Devon signs contract to pipe gas to Singapore
Devon Energy Corporation has signed a 20-year gas sales agreement to export Indonesian natural gas to Singapore. The agreement is between Pertamina, Indonesia's state-owned oil and gas company, and PowerGas Ltd. of Singapore subsidiary Gas Supply Private Ltd. Through a related agreement with Pertamina, Devon will supply natural gas pursuant to the Gas Sales Agreement.
The agreement calls for sales of 150 MMcf/d to begin in 2003. Devon will realize gains from two of the three blocks onshore Sumatra that are subject to the gas sales agreement, but is looking beyond the immediate impact of gas production. Significant quantities of natural gas liquids and condensate are contained in the natural gas in the Jabung block, which could substantially increase Devon's liquids production in Sumatra.
The gas will be delivered through approximately 300 miles of new pipeline facilities to be constructed from south Sumatra to the islands of Batam and Singapore. About half of the length will be offshore.

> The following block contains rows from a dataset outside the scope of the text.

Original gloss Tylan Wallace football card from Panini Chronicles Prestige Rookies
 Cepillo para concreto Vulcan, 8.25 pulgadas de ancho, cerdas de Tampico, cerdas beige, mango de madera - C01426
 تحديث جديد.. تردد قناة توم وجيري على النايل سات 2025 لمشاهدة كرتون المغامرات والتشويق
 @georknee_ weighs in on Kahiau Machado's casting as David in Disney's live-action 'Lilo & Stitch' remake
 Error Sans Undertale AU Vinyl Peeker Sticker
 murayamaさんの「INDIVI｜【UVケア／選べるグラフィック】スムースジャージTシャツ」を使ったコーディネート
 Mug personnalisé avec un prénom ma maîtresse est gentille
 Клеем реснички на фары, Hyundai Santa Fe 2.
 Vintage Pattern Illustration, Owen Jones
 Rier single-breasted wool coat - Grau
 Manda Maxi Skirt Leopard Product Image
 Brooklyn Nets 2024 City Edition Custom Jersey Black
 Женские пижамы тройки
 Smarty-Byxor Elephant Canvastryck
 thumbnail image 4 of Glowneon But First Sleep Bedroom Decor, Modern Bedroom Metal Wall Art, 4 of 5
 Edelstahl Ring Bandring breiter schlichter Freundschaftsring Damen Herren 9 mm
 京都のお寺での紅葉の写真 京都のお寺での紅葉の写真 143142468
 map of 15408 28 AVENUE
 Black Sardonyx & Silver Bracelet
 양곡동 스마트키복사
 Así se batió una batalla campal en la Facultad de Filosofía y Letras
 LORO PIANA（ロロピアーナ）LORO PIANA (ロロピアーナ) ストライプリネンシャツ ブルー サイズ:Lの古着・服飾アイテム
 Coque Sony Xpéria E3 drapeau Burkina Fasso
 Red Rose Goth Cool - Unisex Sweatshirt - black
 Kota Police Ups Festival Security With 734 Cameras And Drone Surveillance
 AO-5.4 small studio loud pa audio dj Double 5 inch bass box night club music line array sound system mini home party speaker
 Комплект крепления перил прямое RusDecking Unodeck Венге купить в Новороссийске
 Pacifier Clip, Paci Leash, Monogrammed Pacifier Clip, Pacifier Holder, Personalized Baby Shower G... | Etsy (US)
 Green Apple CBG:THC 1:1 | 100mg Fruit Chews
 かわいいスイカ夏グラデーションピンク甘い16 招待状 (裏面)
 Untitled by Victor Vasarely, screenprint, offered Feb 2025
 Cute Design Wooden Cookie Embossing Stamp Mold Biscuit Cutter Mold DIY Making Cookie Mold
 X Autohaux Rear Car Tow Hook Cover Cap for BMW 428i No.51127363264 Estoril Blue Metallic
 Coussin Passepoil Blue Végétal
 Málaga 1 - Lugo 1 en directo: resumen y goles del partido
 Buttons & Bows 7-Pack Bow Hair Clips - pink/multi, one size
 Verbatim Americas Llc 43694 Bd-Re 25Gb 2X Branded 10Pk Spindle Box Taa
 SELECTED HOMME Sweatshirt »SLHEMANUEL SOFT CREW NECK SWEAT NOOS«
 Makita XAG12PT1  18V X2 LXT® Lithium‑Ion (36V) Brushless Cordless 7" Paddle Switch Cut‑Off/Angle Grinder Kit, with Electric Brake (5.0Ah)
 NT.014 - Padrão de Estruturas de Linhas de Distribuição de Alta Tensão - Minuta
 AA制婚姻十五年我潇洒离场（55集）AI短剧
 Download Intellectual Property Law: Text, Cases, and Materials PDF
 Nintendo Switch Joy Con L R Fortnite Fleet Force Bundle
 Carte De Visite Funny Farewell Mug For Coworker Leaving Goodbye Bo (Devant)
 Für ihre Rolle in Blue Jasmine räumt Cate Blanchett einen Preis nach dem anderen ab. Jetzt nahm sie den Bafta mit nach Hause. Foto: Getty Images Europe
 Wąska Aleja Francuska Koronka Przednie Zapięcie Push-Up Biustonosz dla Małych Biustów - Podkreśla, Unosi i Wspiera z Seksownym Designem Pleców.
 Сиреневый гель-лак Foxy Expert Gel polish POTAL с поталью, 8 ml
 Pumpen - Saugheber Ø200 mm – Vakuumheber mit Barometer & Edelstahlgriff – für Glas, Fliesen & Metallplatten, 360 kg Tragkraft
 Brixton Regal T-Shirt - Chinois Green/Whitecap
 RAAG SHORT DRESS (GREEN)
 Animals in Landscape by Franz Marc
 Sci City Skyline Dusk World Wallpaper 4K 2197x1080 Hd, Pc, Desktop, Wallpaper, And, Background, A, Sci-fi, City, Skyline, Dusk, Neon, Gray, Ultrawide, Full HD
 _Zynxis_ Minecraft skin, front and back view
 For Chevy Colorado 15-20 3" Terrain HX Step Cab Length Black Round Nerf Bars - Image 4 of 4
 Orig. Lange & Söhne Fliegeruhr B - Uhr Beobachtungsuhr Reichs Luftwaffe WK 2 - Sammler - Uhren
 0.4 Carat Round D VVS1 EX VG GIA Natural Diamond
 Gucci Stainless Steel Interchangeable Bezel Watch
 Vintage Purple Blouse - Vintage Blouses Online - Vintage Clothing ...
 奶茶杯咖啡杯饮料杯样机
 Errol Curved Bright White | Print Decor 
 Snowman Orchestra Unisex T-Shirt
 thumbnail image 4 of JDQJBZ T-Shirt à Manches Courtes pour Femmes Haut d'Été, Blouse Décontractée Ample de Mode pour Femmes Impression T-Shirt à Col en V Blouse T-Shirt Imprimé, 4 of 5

PT Perusahaan Gas Negra, the Indonesian state gas distribution/transmission company, will own and operate the Indonesian section of the pipeline, while PowerGas will own and operate the Singapore section.
Premier evaluates Ujung Pangkah
Premier Oil Natuna Sea Ltd. completed appraisal drilling on its Ujung Pangkah field in East Java, Indonesia, confirming reserves on the Pangkah Block structure in excess of 450 Bcf of rich gas, equal to 90 million bbl of oil. Premier said there is a possibility of developing oil from an accumulation underlying the gas.
Premier is pursuing a market for the gas while considering development options for Ujung Pangkah in collaboration with Pangkah production sharing contract partners. The block's proximity to power markets in East Java will be an impetus for development.
A seismic survey planned for later this year will yield data for evaluating a possible western extension to Ujung Pangkah. Partners are operator Premier (40%), Amerada Hess (Indonesia-Pangkah) Ltd. (36%), Gulf Resources (Pangkah) Ltd. (12%), and Dana Petroleum PLC (12%).
India cultivating national joint ventures
India's state-owned ONGC Videsh Ltd. (ONGC-VL), the overseas arm of the Oil and Natural Gas Corporation, is working with national oil companies in Indonesia, Algeria, and Vietnam to form a consortium for pursuing exploration and production activities.
Brunei issuing early 2002 deepwater licenses
Interest in Brunei is heating up, with 28 companies now expressing interest in production-sharing contracts in its deepwater regions. The country expects to award production-sharing contracts early next year, with bids closing in November of 2001.
Petroleum Geo-Services ASA has been contracted to conduct a 3D seismic survey. Potential investors will be able to evaluate the processed seismic data to identify prospects before the bidding closes at the end of this year. The blocks are in 1,000-2,750 meters water depth and seem to be related to Malaysian geology where gas discoveries have been made. The first well in the new acreage could be drilled as early as Q4 2003.
ONGC invests in Russia offshore
In an investment deal valued at $1.5 billion over the next five years, ONGC is to acquire a 20% stake in the Sakhalin-1 oil and gas field in the Russian far east. The company signed an agreement to purchase half of the 40% stake in Sakhalin-1 owned by the Russian state-owned company Rosneft. ONGC agreed to find financing for future investment commitments for both it and for Rosneft's remaining share.
Sakhalin-1 is led by the US petroleum group Exxon Mobil with 30%, with a further 30% stake held by Sodeco, a Japanese consortium. The transaction provides an important boost to foreign direct investment into Russia, and it also clears the way for the development of one of the country's more significant oil and gas fields with an estimated full production level of 200,000 b/d of oil.